Tuesday, March 31, 2015

A Bulletin from a Past Life!

If you'd like to read some of my work on country music from the Old Days, you now have a great opportunity!

THE COUNTRY MUSIC READER, assembled and annotated by Travis D. Stimeling, himself an author of note and Assistant Professor of Music History at West Virginia University, and published by the Oxford University Press features a long excerpt from my first book, THE OUTLAWS — REVOLUTION IN COUNTRY MUSIC, which has been out of print for, like, forever (and, ironically, still a 5-star Amazon book, based on reviews from the 2 people who read it! LOL!).

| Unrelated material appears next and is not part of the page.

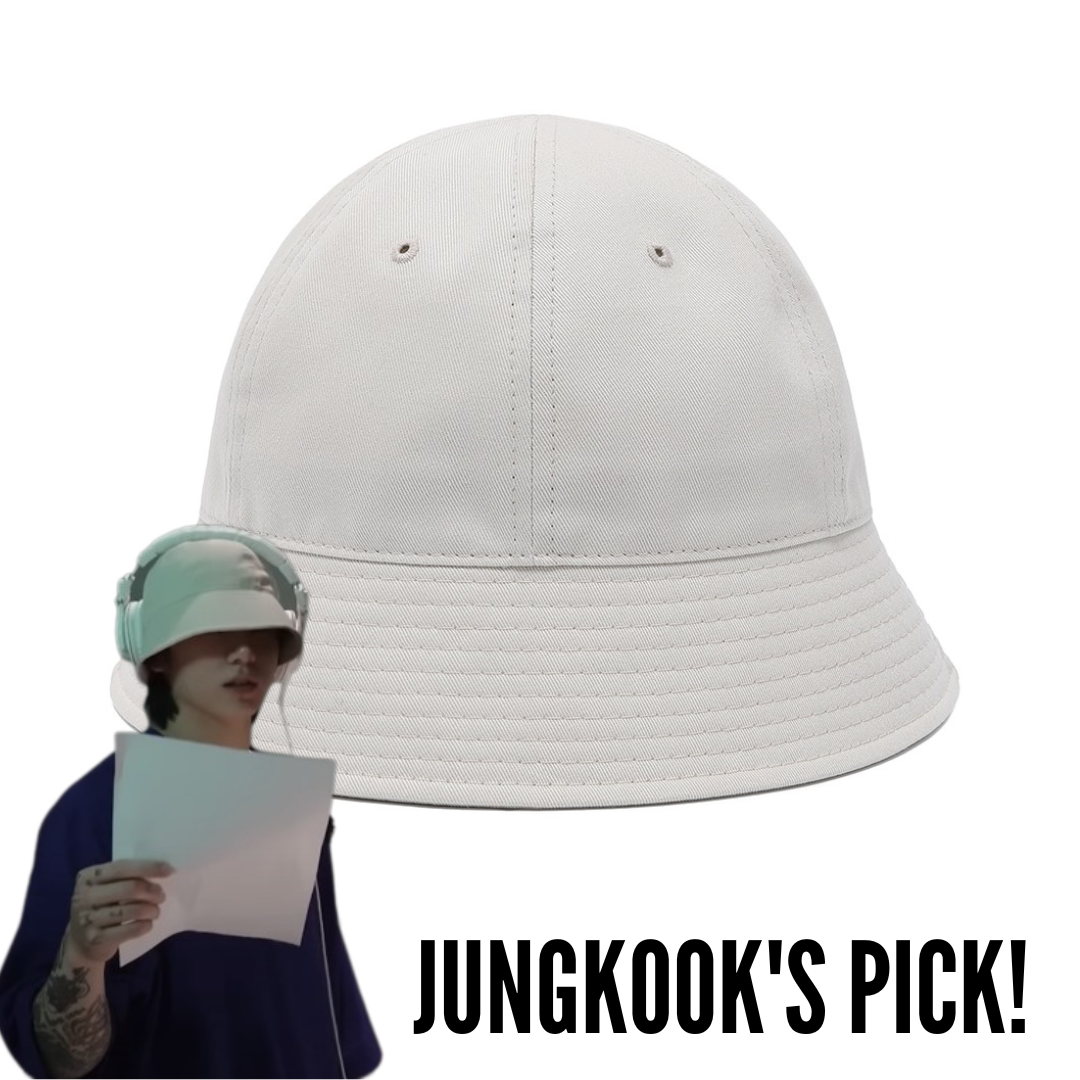 BTS JUNGKOOK PICK - LUOESPAC OVERFIT ROUND BUCKET HAT IVORY - COKODIVE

THE COUNTRY MUSIC READER is a great book for anyone interested in country music. Stimeling did a super job of sorting through TON of material...heck, it exhausted me just reading the footnotes! Two other essays I would strongly refer you to in THE READER are Aaron Latham's classic piece from Esquire, back when Esquire wasn't something one scrapes off one's cowboy boot, "The Ballad of the Urban Cowboy: America's Search for True Grit"...yes, it's better than the movie...of course, what isn't?...and Alanna Nash's long essay on Emmylou Harris, one of my favorite artist. Emmylou was NEVER easy to interview, and Alanna, who wrote for me when I ran Country Music Magazine, did a splendid job.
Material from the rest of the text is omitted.